Tiger Wood's first golf course design project was being developed in Dubai. As of yesterday it was announced that the project was cancelled. NLE = No Longer Existing, and it is usually the term when an old golf course closes - there have been a few notable modern ones in recent years. I thought it would be interesting to analyze the course architecturally speaking. From Tiger's website: Par 72 championship-quality course. The vision for Al Ruwaya Golf Course is to transform the blank canvas into a unique golf course that rivals any in the world.
Tiger teamed up with a former Fazio associate to create his design firm. (That former associate also has his own firm with no mention of Tiger on their website.) The following are my assumptions.
The project was to sell about $1 Billion dollar's of real estate. With that as the goal you can rationalize almost anything - like a reported $10-20 million design fee - but it is all still a guess for the owners. One of Fazio's most famous and successful golf course designs is Shadow Creek in the desert outside Las Vegas. I believe the cost for construction was over $40 million dollars. I assume this was the model for Al Ruwaya - to create an oasis.
Pictured above is an image of the project from Golf Digest. I see a very densely vegetated area = a lot of water too keep everything alive. There are 5.5 holes constructed with grass. The hole corridors appear to be somewhat wide between holes - there looks like as much to irrigate outside the hole as the hole itself - which translates to at least twice as much maintained area for non-playing surfaces - you can irrigate a lot less around tees until you get to the fairway. That is very expensive and doesn't effect the playability of the hole.

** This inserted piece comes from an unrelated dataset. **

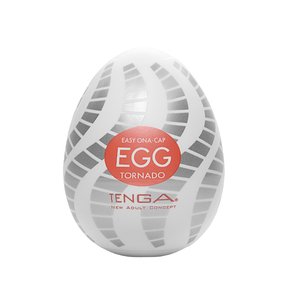 TENGA EGG TORNADO  （テンガ エッグ トルネード）EGG-016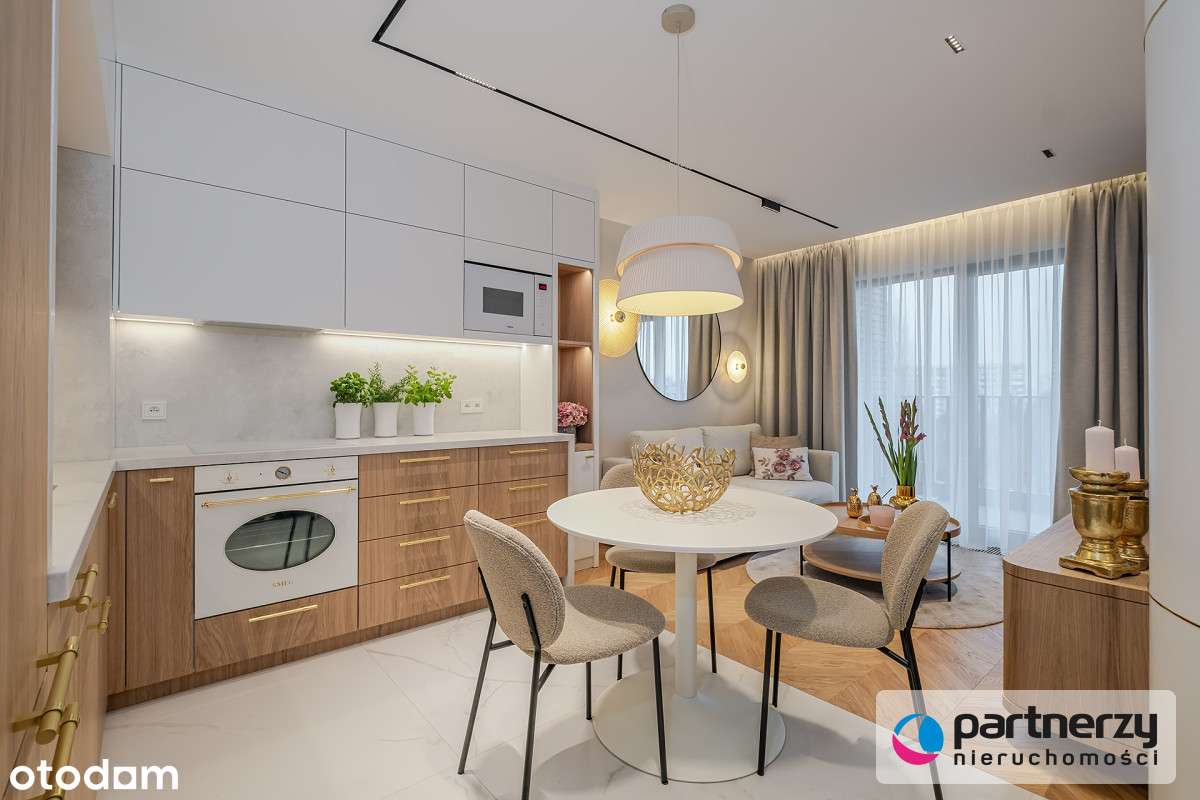 Oliwa, luksusowy apartament w otulinie lasu!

There appears to be some shaping in the fairways - not just surrounding the hole - they get a point for this work. And they get another point for keeping the holes together - not every hole is lined with houses. But they loose that point quickly with the distance between greens and tees - not that anyone will walk here, but there is no need to separate when a good angle will do just fine.
I am thankfully keeping busy with my own work - this post was written during a break - so I'll get to more in the next day or two.